2. Patient identities will not be recorded in any manner by the Department of Health; source documentation will be destroyed
Oregon’s website describes the data collection protocol for its annual reports, as follows:
The identity of participating physicians is coded, but the identity of individual patients is not recorded in any manner. Approximately one year from the publication of the Annual Report, all source documentation is destroyed. (Emphasis added).[64]
Alicia Parkman, Mortality Research Analyst for the Oregon Health Authority, makes a similar representation as follows:
To ensure confidentiality, our office does not maintain source information on participants. (Emphasis added).[65]
The significance is that Oregon’s annual reports are unverifiable via Oregon government sources.
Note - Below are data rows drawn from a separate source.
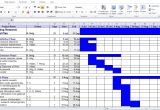 Free Excel Business Plan Template Business Plan Template Excel Excel Tmp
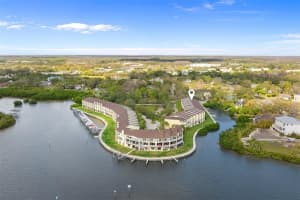 112 Brent Cir, OLDSMAR 112 Brent Cir, OLDSMAR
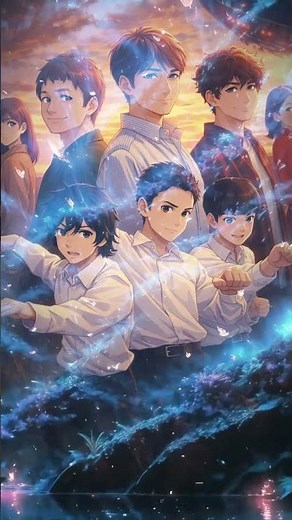 「ラムネモンキー 」11話 反町隆史 木竜麻生 大森南朋 津田健次郎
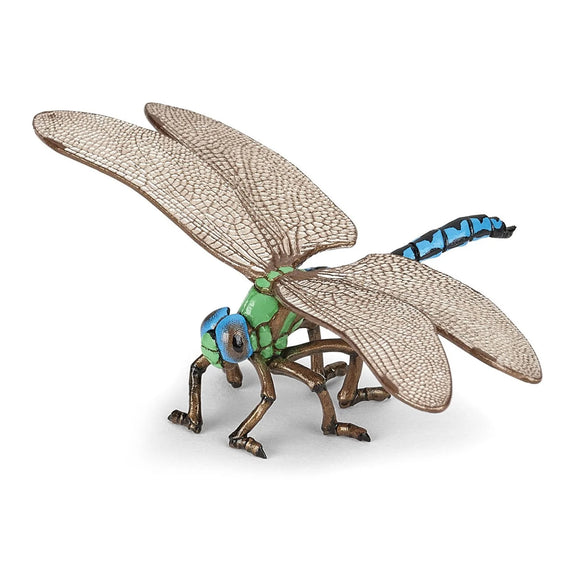 Papo Dragonfly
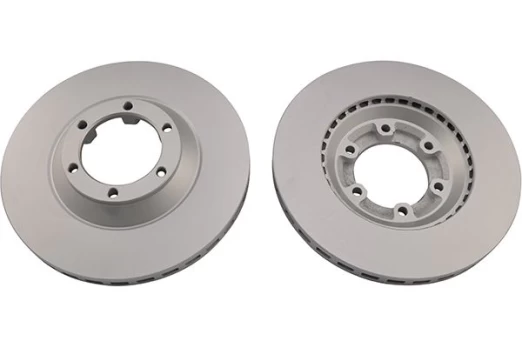 Stabdžių diskas Kavo Parts BR-3244-C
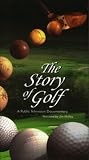 Story of Golf Collection by Carver Group
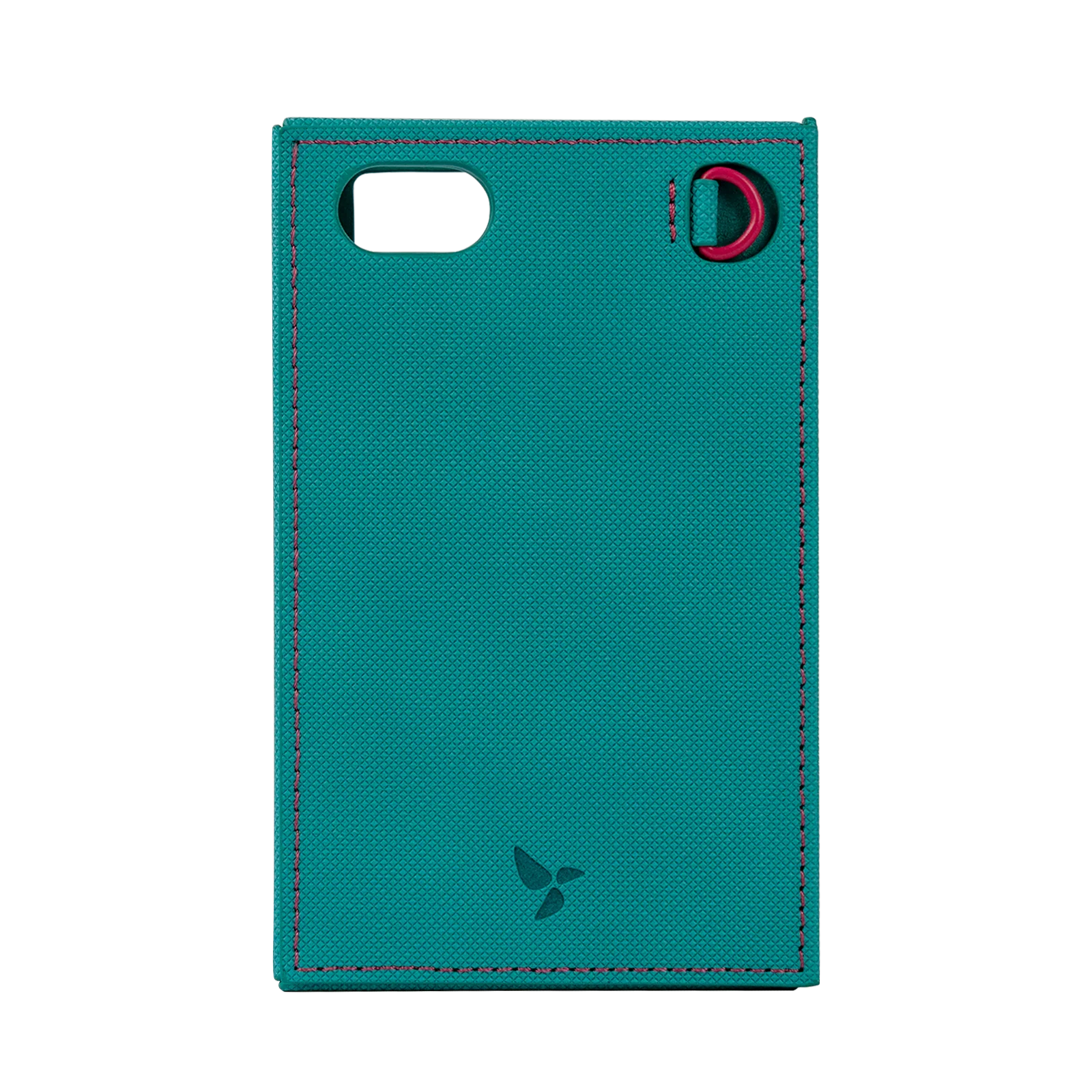 M500 Leather Case - Image 5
If the District of Columbia follows suit, its annual reports will also be unverifiable.
D. The Act Can Be Read as Preventing Disclosure of Information Collected by the Department of Health under “Any Law”
The District of Columbia Act can be read as preventing disclosure of information collected by the D.C. Department of Health, under “any law.” The Act states:
The information collected by the Department pursuant to this act . . . may not be made available for inspection . . . under the Freedom of Information Act . . ., or any other law. (Emphasis added).[66]
If so, the Department of Health will be an agency beyond review, not only by law enforcement, but arguably by the courts and political authority. This fits the definition of “shadow government,”
A government run by an unelected bureaucracy, or a state within a state.[67]
VIII. COMPASSION & CHOICES

The Act’s passage is being spearheaded by the suicide promotion group, Compassion & Choices. In Oregon, this organization has used Oregon’s law to disable and displace the Department of Health as the entity overseeing that law.
A. Compassion & Choices is the Former Hemlock Society; Its Mission Is to Promote Suicide
Compassion & Choices was formed in 2004 as the result of a merger/takeover of two other organizations.[68] One of these organizations was the former Hemlock Society, originally formed by Derek Humphry.[69]

In 2011, Humphry was the keynote speaker at Compassion & Choices’ annual meeting here in Washington State.[70] He was also in the news as a promoter of mail-order suicide kits.[71] This was after a depressed 29 year old man used one of the kits to kill himself.[72] Compassion & Choices’ newsletter, promoting Humphry’s presentation, references him as “the father of the modern movement for choice.”[73]  Compassion & Choices’ mission is to promote suicide.
B. In Oregon, Compassion & Choices, a Non-Governmental Entity, has Largely Displaced the Department of Health as the Agency Overseeing Oregon’s Law
1. In Oregon, Compassion & Choices is the fox in the chicken coop reporting to the farmer what’s happening in the coop
In 2008, the Editorial Board for The Oregonian, which is Oregon’s largest newspaper, urged Washington State voters to reject its then pending assisted suicide measure.[74] The Editorial Board stated:
Oregon’s physician-assisted suicide program has not been sufficiently transparent. Essentially, a coterie of insiders run the program, with a handful of doctors and others deciding what the public may know. (Emphasis added).[75]
Four days later, Oregon doctors Kenneth Stevens and William Toffler published a follow up piece agreeing with the Editorial Board.[76] They also stated:
The group promoting assisted suicide, so-called "Compassion and Choices (C&C)", are like the fox in the proverbial chicken coop; in this case the fox is reporting its version to the farmer regarding what is happening in the coop.
Members of C & C authored and proclaim they are the stewards of Oregon's assisted suicide law. They call it "their law". They have arranged and participated in 3/4ths of Oregon's assisted suicide cases. . . .
In 2006, C&C's attorneys intimidated the Oregon Department of Human Services (DHS) to change to euphemisms in referring to Oregon's assisted suicide law. The limited DHS reports of assisted suicides is another indication of this organization's influence. Information that is damaging to the "good public image" of Oregon's assisted suicide law is hidden or glossed-over in the DHS reports. . . .[77]
2. In Oregon, the police officer was not able to get case information from the State; he obtained it from Compassion & Choices
In 2010, a man contacted me wanting to know if his father had died under Oregon’s Act.  I referred him to an Oregon attorney, Isaac Jackson, who asked the police to investigate.  Jackson’s declaration states:
The officer’s report describes how he determined that the [father’s] death was under Oregon’s assisted suicide law due to records other than from the State of Oregon.[78]
Jackson also states:
The officer’s report . . . describes that he was unable to get this information from the Oregon Health Authority, which was not willing to confirm or deny whether the deceased had used the [law].[79]
I also read the officer’s report.  According to the report, Compassion & Choices provided the records necessary for the officer to determine that the decedent had died under Oregon’s law. As noted by Jackson, the State had been unwilling to provide this information.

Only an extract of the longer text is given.